DIY Biology: Not Your Mother’s Biosensor Array

Whew! What a ride this past month and half has been! The last 48 hours especially have been one long blur of blinking lights, solder smoke, and beautiful biosignals, capped off of course, by a mad documentation dash.

Open Source, Open Future
Drew and Avner hard at work
Mmm...taurine...
Fuel for the long haul

Going into the final 24 hours we had a good handful of sensors working separately: EKG, pulse oxidation, GSR, CO2 and lung capacity. The only thing left to do was get them all working together. Oh, and off of breadboards. No big deal, right?

ECG and GSR shields

Well, not so much. While the sensors worked quite well on breadboards, moving them onto protoshields turned out to be more of a hassle than we anticipated.
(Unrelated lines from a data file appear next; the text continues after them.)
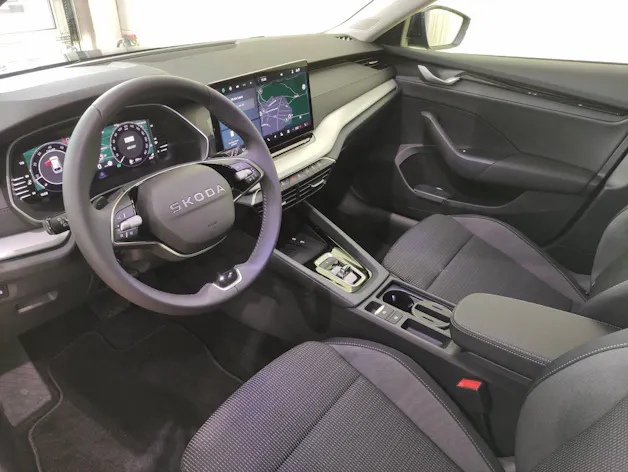 SKODA Octavia Combi 2.0 TSI Selection 4x4 DSG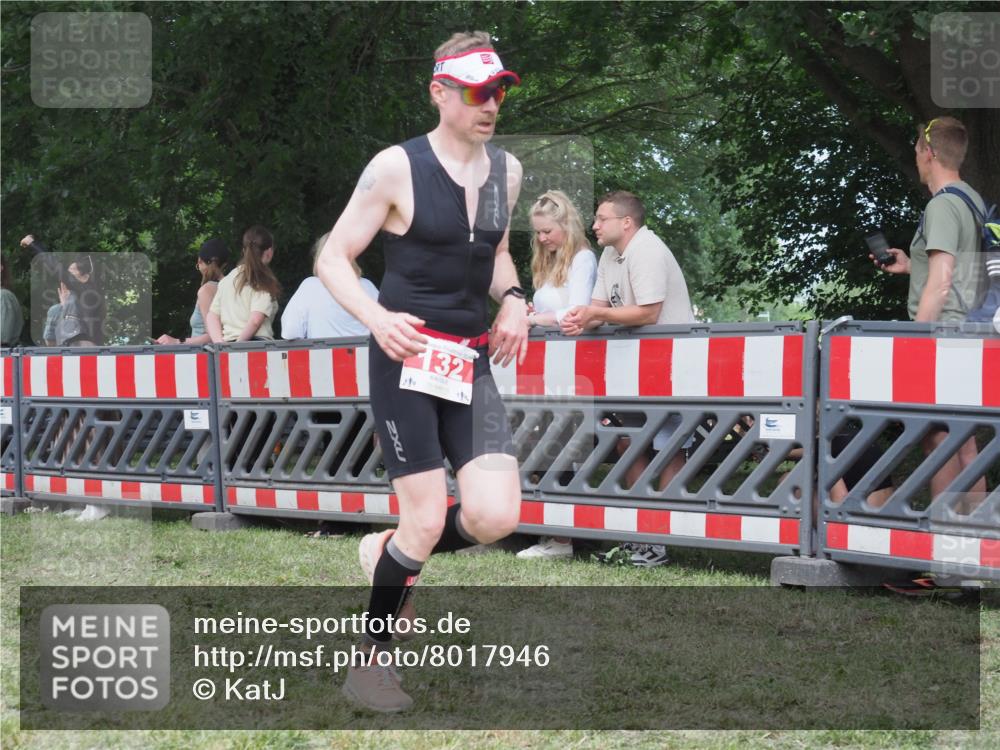 21.06.2025 - 27. Vierlanden-Triathlon KatJ http://msf.ph/oto/8017946 15.06.2025 13:17:53 Ziel 132, 196, 816 meine-sportfotos.de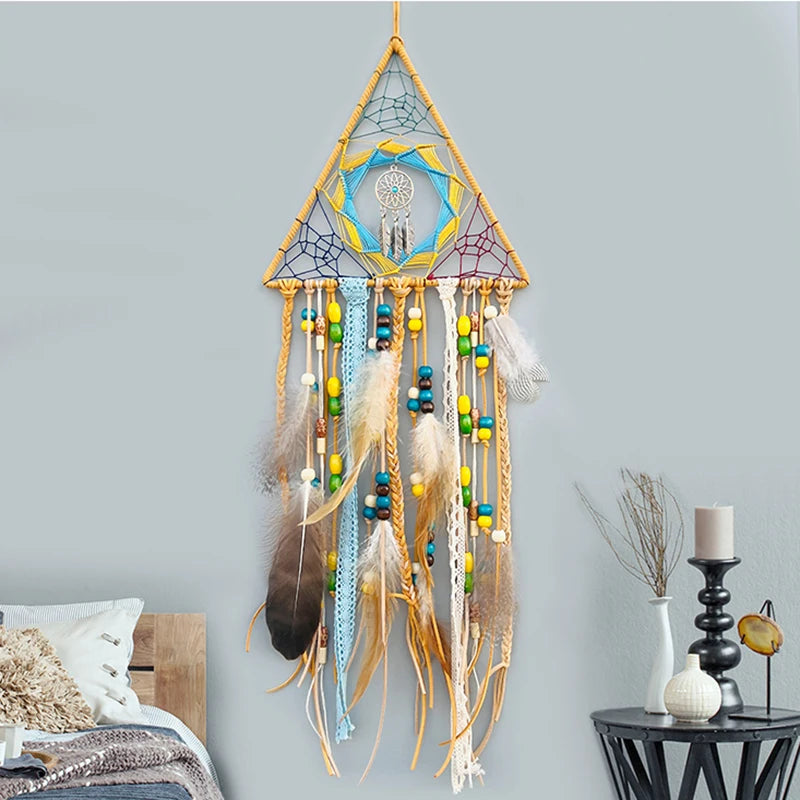 Ce décor mural en macramé coloré, avec des perles, des plumes et un motif géométrique, ajoute une touche bohème et apaisante à l'espace.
The signals we’re getting from the shields aren’t quite as accurate as the ones we got from the breadboards, though still well within acceptable limits for our purposes.

It's alive!!
EKG and heartrate signals in BrainBay

Anytime you’re hooking up an electrical device to a human being, it’s important to make sure that they’re not connected to the electrical grid (think about what an electrical surge can do to your computer, now imagine that your body is hooked up too).  To achieve this separation our biosensor uses bluetooth to communicate with a computer to display the signals.

Take that!
Drew slapped himself to elicit this GSR signal. What dedication!

Next Steps:

1) Get some sleep!

2) Improve the shield versions of our sensors.

3) Write our own display software, including applications for the N900 and Android.

4) Reach out to teachers and educators.

Finally, we’d like to thank Mitch Altman and everyone at Element14 for this awesome opportunity.  Special thanks to Jordan Bunker who stayed up late with us to help get this finished (and documented) and everyone else at PS: One that helped out over the past six weeks.